The Institute for Fiscal Studies (IFS) predicts a "rush" on buyers looking to complete ahead of the 3% rise in stamp duty on some homes, as outlined in Chancellor George Osborne's spending review, due to come in at the start of the new financial year.
The IFS described the rise in stamp duty as unjustified and said the move will, in the long term, depress the property market.
It also suggested that landlords are likely to pass the cost on to their tenants in the form of higher rents.
Stuart Adams, a senior research economist at the IFS, said: "Properties will be worth less because potential landlords and potential homeowners won't be willing to pay as much for them.
"If property developers don't feel they're going to get as much for them, then there's less incentive to develop it.
"Thinking about the longer-term effect, at the margin the policy is likely to raise owner-occupation rates.

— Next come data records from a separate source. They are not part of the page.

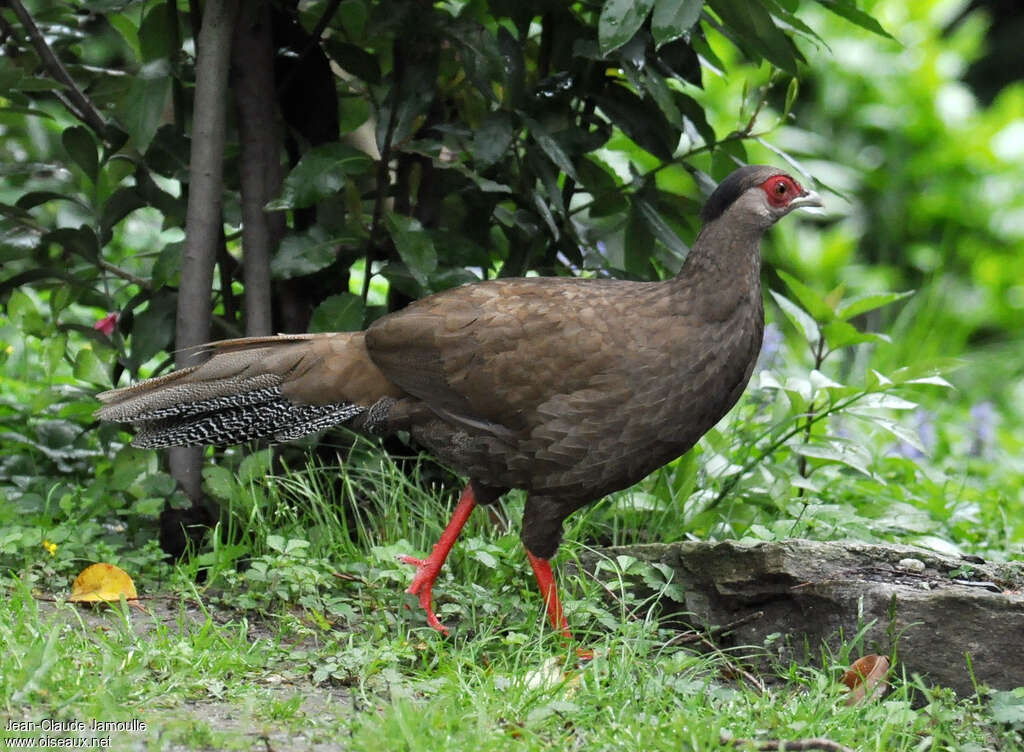 Silver Pheasantadult, identification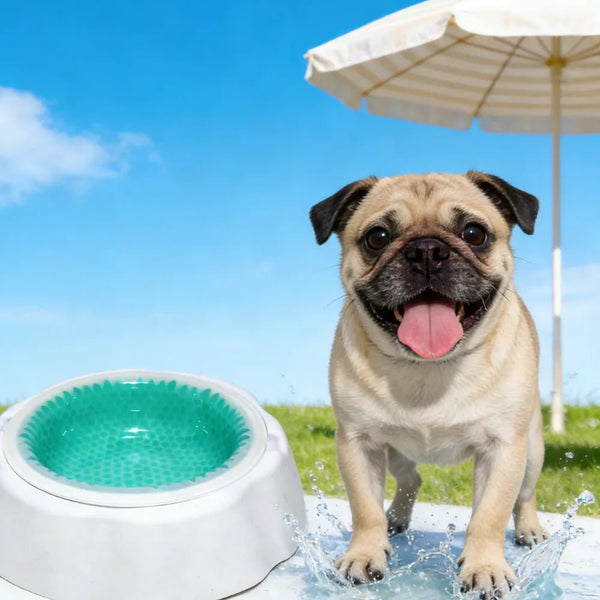 2 - Color Option PP Cooling Pet Summer Bowl - GreenFur
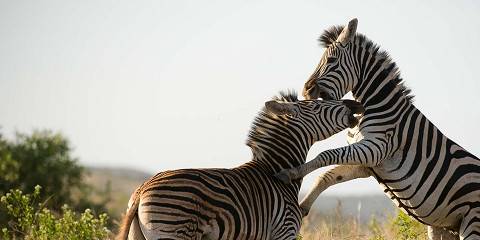 4-Day Kruger Safari from Johannesburg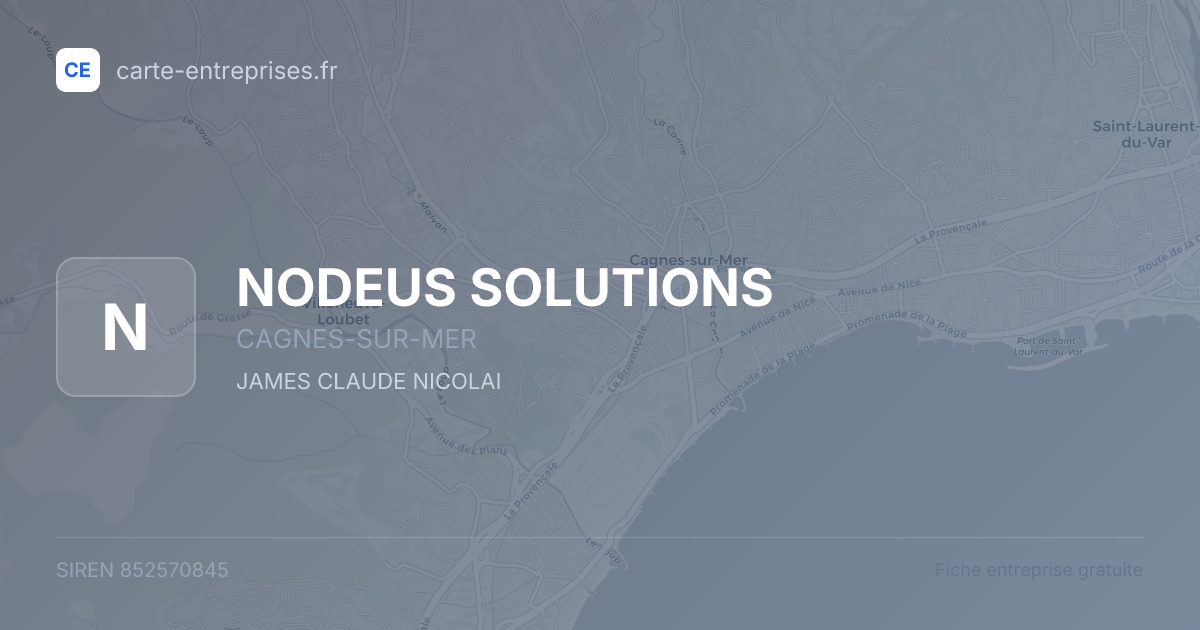NODEUS SOLUTIONS — 852570845 — fiche entreprise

"It will make rental properties and second homes more expensive and therefore discourage the purchase of properties for that purpose.
"It may well also reduce house prices and might also increase rents if it feeds through."
Experts predicted some 50,000 buyers could attempt to complete their sales before the deadline.
Earlier Lord Kerslake, a former head of the Civil Service, described the Government's focus on private home ownership as "both wrong and potentially counter-productive" to the effort to solve Britain's housing crisis.